New Delhi, Nov. 30: Union law minister Ashwani Kumar today said the government was determined to come out with a provision to restrain judges from making observations that are not connected with the cases.

He also confirmed that a new commission would be set up to appoint judges of the Supreme Court and high courts, replacing the current collegium system under which the five senior-most apex court judges choose the nominees.

Kumar repeatedly asserted that the move on observations was “not in any manner intended to gag the judges”. The restraining provision will be incorporated in the proposed Judicial Standards and Accountability Bill, he added.

The decision comes against the backdrop of not only stinging rebukes and remarks by some judges in several corruption scandals but also certain comments that have been perceived as interference in the policy domain.

Kumar said: “I categorically clarify nothing in the bill should be treated as a gag order. It will only reiterate the Supreme Court’s judgments in a number of cases that courts must refrain from making observations where such observations are not required.

“It is nothing new.
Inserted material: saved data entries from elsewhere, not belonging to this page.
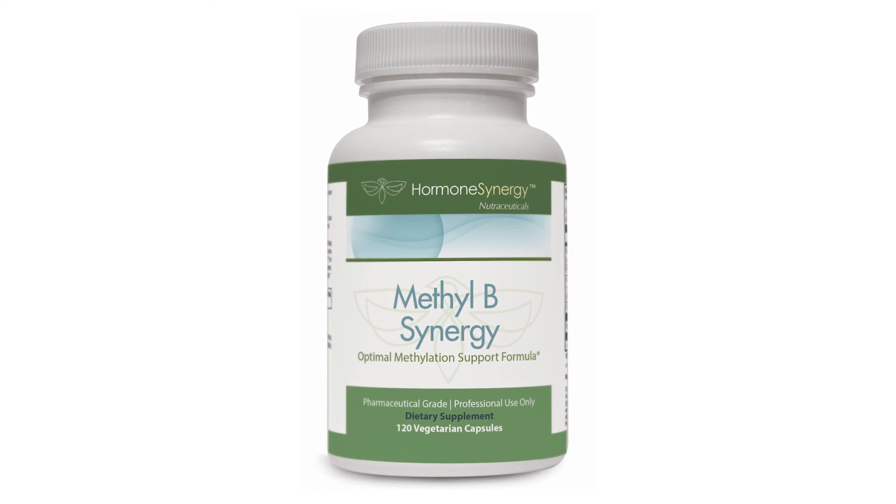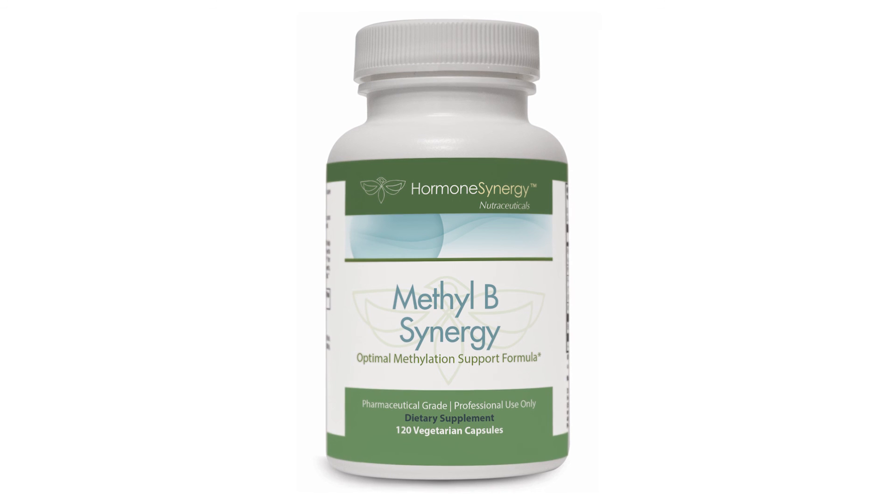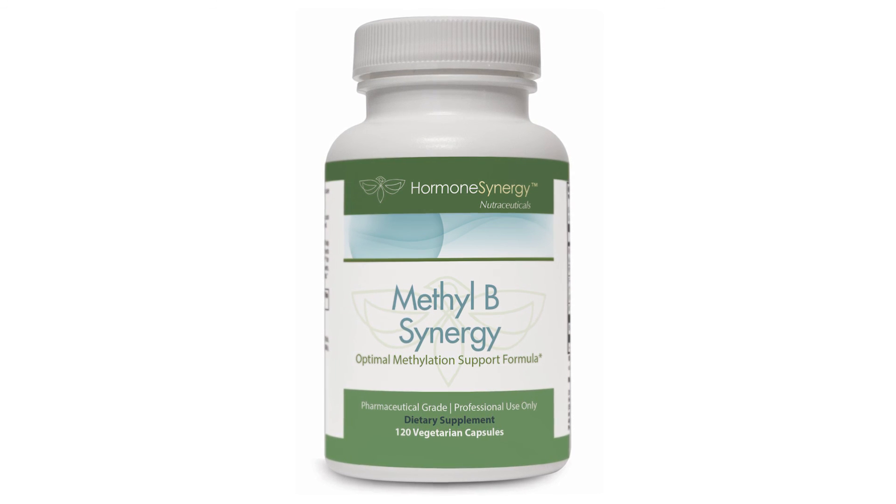Those four nutrients make up what we call Methyl B Synergy — a comprehensive, synergistic formula to help with homocysteine metabolism and methylation in the human body.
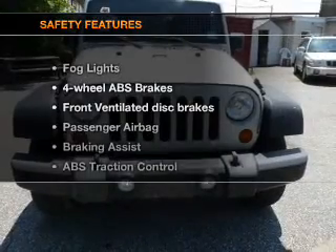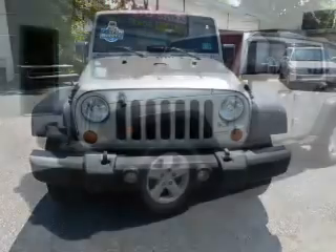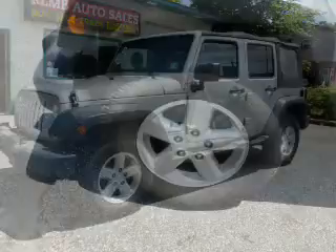If safety is a high priority, rest assured knowing these top safety components are included: front ventilated disc brakes, passenger airbag, traction control, and stability control.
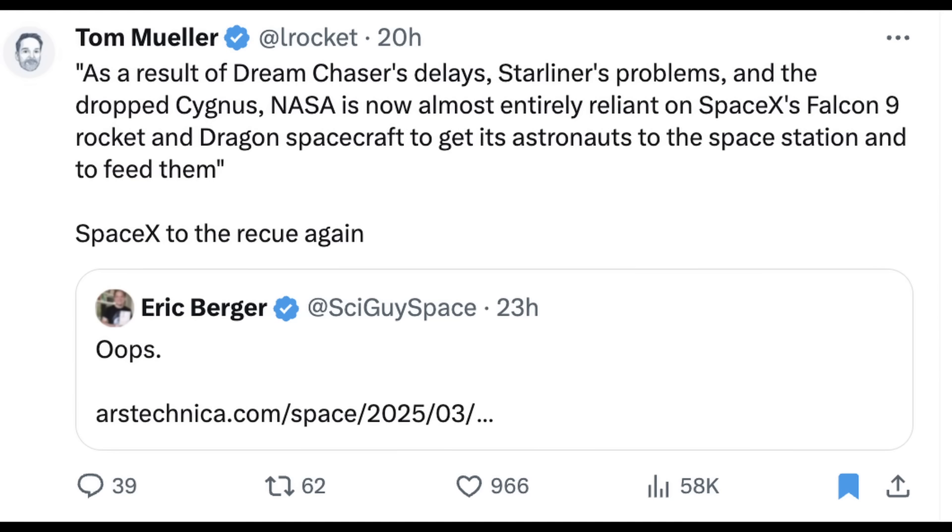Tom Mueller, SpaceX employee number one, shared that as a result of Dream Chaser's delays, Starliner's problems, and the dropped Cygnus, NASA is now almost entirely reliant on SpaceX's Falcon 9 rocket and Dragon spacecraft to get its astronauts to the space station and to feed them. SpaceX to the rescue again.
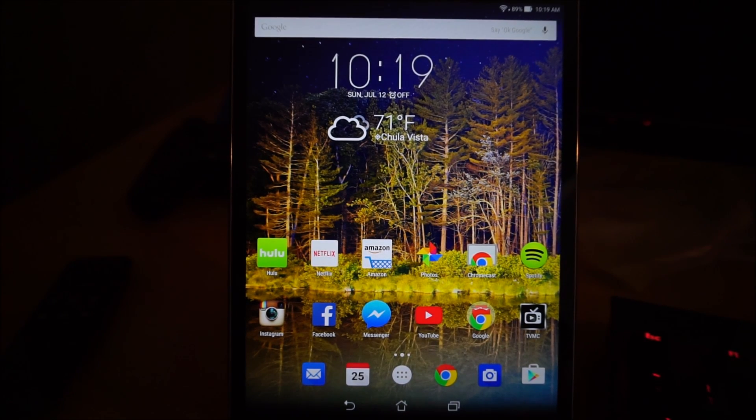Hey guys, what's up, it's Greggles here from the Greggles and Dance Show on YouTube. I'm gonna go through some more odds and ends and questions that have arisen with the Asus Zenpad 8S over the last day or two.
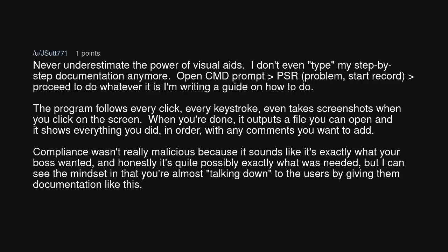I don't even type my step-by-step documentation anymore. Open CMD prompt, PSR, problem, start record, proceed to do whatever it is I'm writing a guide on how to do. The program follows every click, every keystroke, even takes screenshots when you click on the screen. When you're done, it outputs a file you can open and it shows everything you did, in order, with any comments you want to add.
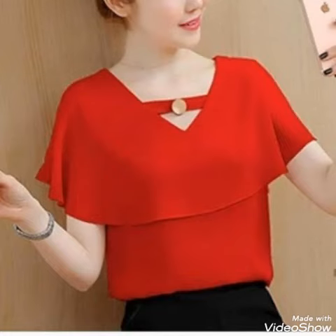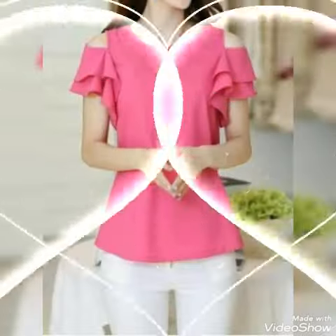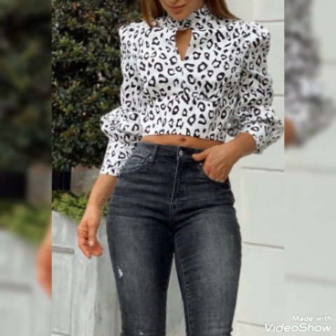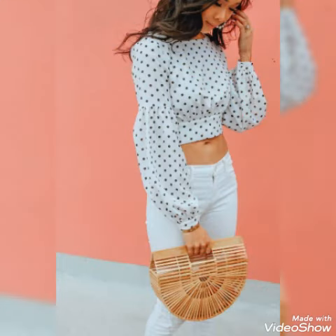Hello everyone, welcome back to my channel. I'm back with the latest printed floral top ideas. In this video you'll be seeing a very latest and cute collection of top ideas. You'll get ideas to style beautifully like the model. Do let me know down below which top you like the most, which printed floral top idea do you like the most.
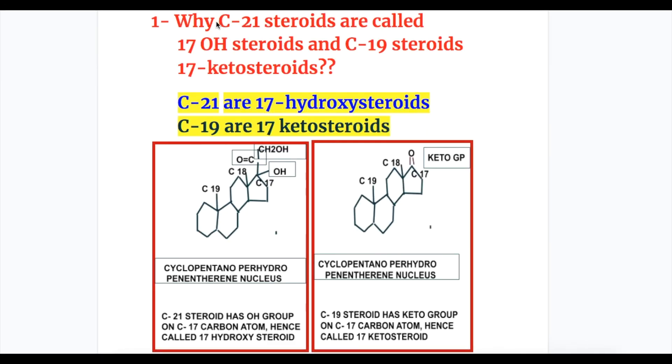Answer to question one: C21 steroids have 21 carbon atoms and C19 steroids have 19 carbon atoms. C21 steroids have a hydroxyl group on carbon atom number 17, so they are called 17-hydroxysteroids. C19 steroids have a keto group on carbon atom 17, so they are called 17-ketosteroids. C17-hydroxysteroids are glucocorticoids and mineralocorticoids; 17-ketosteroids are androgenic.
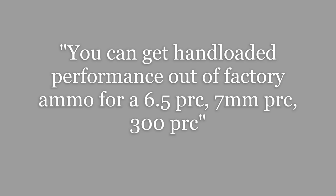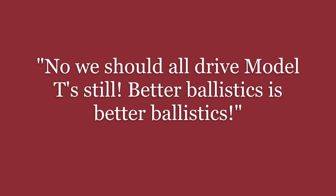One of the most overhyped comments claims you can get hand-loaded performance out of factory ammo for the 6.5 PRC, 7mm PRC, and 300 PRC — meaning PRS and F-class shooters just need to buy a rifle and factory ammo, no more handloading required. Another commenter essentially says all cartridges that aren't PRCs are Ford Model Ts, as if no other cartridge can shoot high-BC bullets.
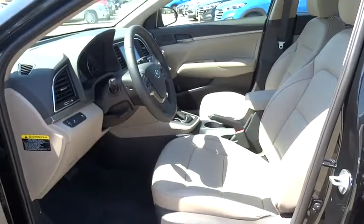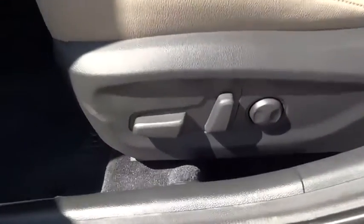A vehicle like this doesn't come along every day. Come in and get it before someone else does.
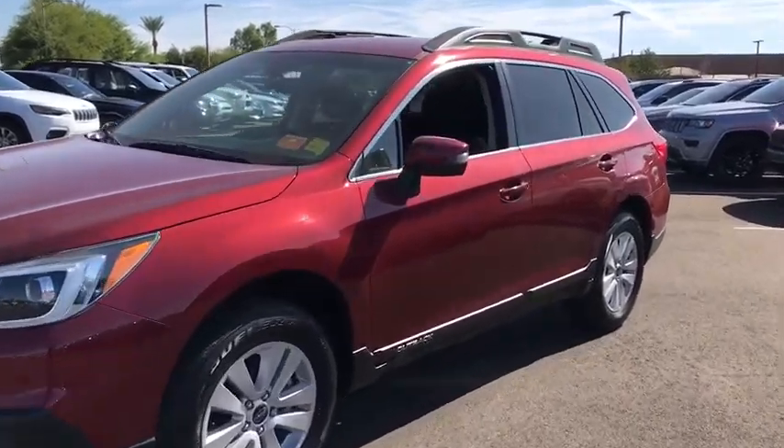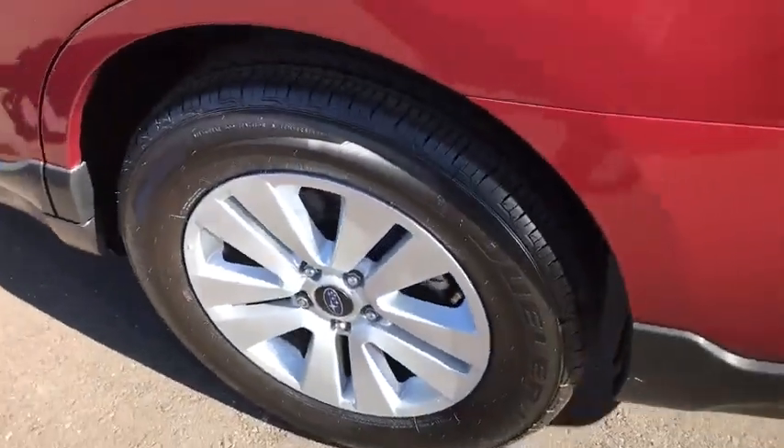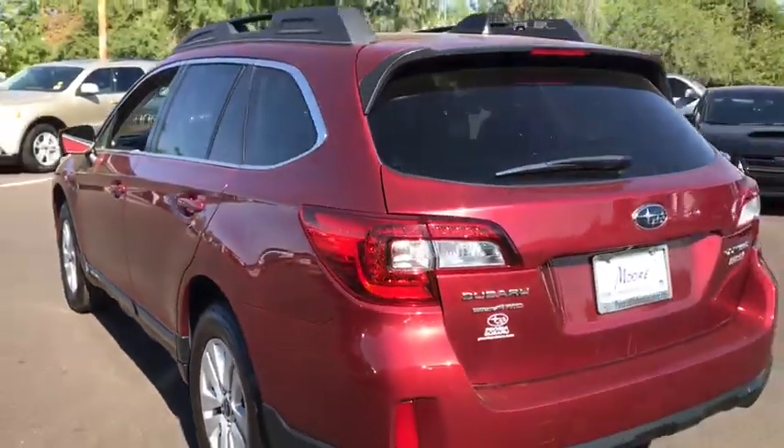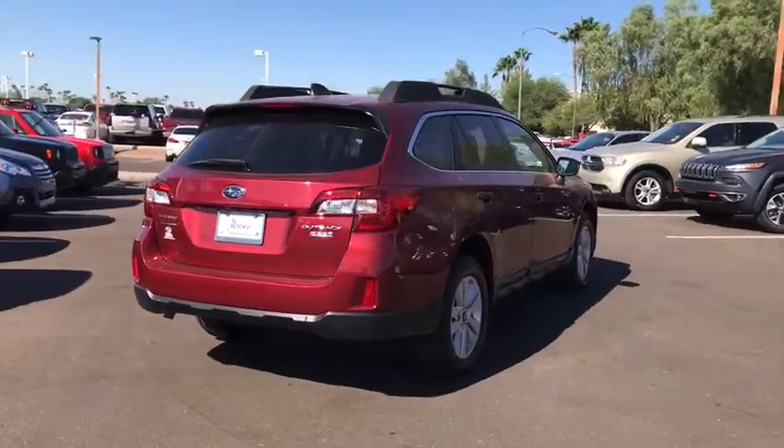Come test drive the 2017 Subaru Outback. Take the go-anywhere capability of all-wheel drive and plenty of room for cargo and companions, and you've got the Subaru Outback. Let the adventure begin.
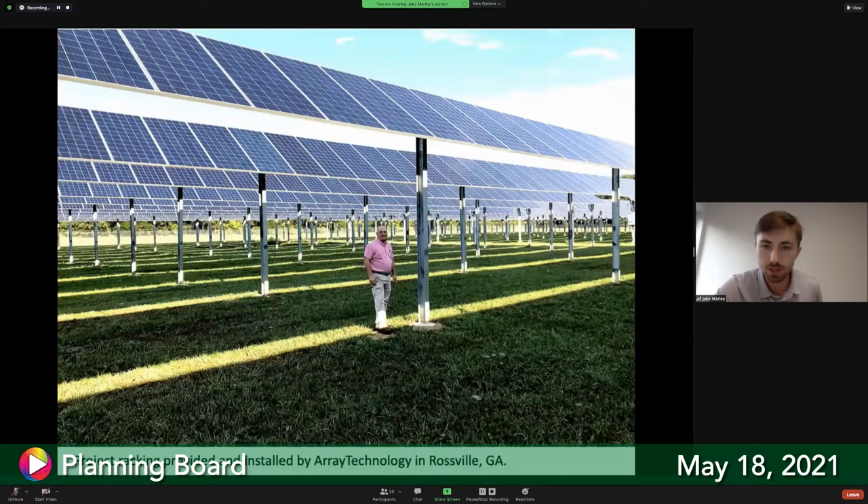Here's an image of the single-axis tracker racking, 10 feet off the ground. This racking will be provided by Array Technologies, a company based in the western part of the country. The reference image shown is a much larger-scale project in Georgia, used just to give an idea of the height of the installation.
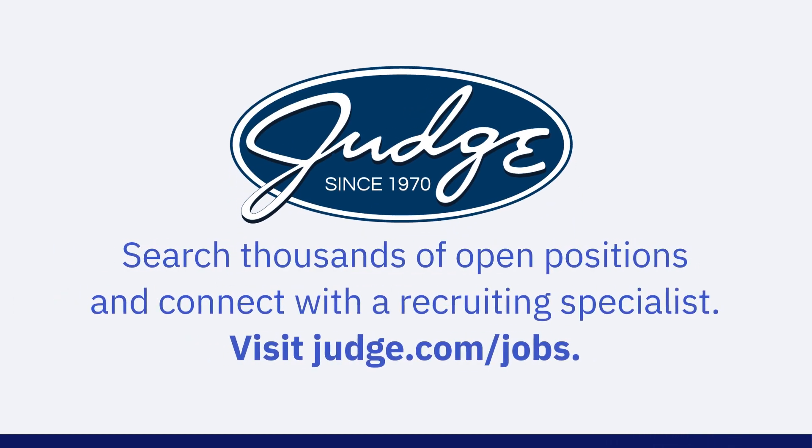Search thousands of open positions and connect with a recruiting specialist. Visit judge.com/jobs.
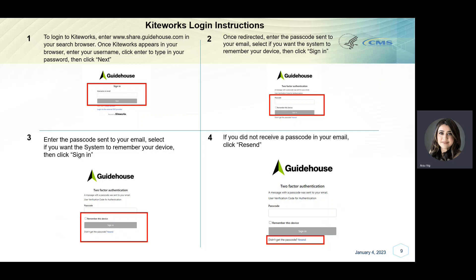If you forgot your password and need to reset it, please refer to section 1.1.2 of the Attachment B document that was sent to you as part of the DVA request package. In steps 3 and 4, you will be prompted to enter a passcode that was sent to your email address to pass the two-factor authentication. Once you have entered your designated passcode, select if you want the system to remember your device, then click the Sign In button. If you did not receive a passcode in your email, click Resend under the Sign In button as shown on the screen for step 4.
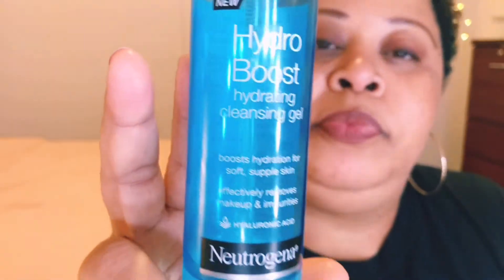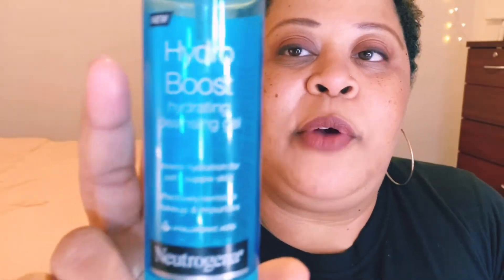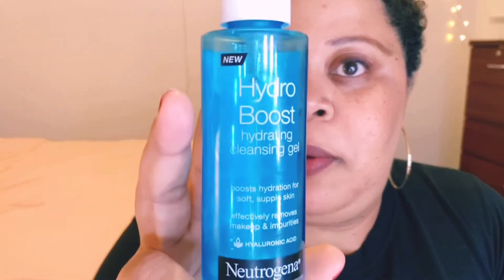I really like right now the Hydro Boost by Neutrogena. I'm using this cleanser and I really, really like it. It's a gel formula and it comes in a pump. I normally just take a couple of pumps, cleanse my face as usual, rinse it with tepid water, and then go to the next step.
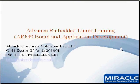Hello everybody, this is Amit from Miracle Corporate Solutions Pvt Ltd. We'll be discussing Advanced Embedded Linux Training Workshop provided by Miracle Corporate Solutions to all the professionals having a good amount of experience on C programming. We'll be covering online board and application development processes for embedded devices through this RT Linux system.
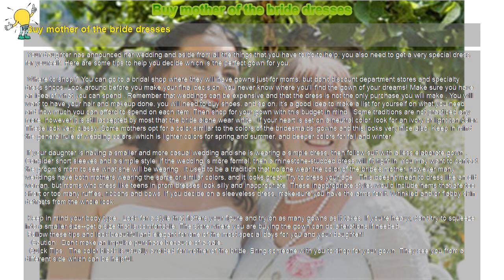Make sure you have an idea of what you can spend. Remember that weddings can be expensive and that the dress is not the only purchase you will make. You will want to have your hair and makeup done, you will need to buy shoes, and so on. It's a good idea to make a list for yourself on what you need and how much you can afford to spend on each item. Then shop for your gown with this budget in mind.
The Supreme Court itself has said that it is inherent and integral to judicial decorum that judges do not make observations not strictly required for a decision of the case. It is not a gag order but is a principle reiterated by the Supreme Court.”

The minister did not mention any particular case. But the Supreme Court had said in a case in which a high court in Uttar Pradesh was accused of making caustic observations against a magistrate: “The sanctity of the decision-making process should not be confused with sitting on a pulpit and delivering sermons which defy decorum.”

Kumar said: “We remain totally, irrevocably and unquestionably committed to maintain and preserve the independence of the judiciary. We want to be in constructive engagement with the judiciary.”

Reminded that there was no restriction on parliamentarians making observations, the minister said: “If judges want to become parliamentarians, they can become parliamentarians.”

He said there was a wide political consensus that the present collegium system should be replaced with a commission to appoint the best judges.

To a question, the minister initially said that besides the Prime Minister, the proposed commission would have the leader of the Opposition as member. However, on the intervention of an official, the minister hastened to add: “I stand corrected. It will be headed by the Chief Justice of India. It is still being worked out and is being looked into.”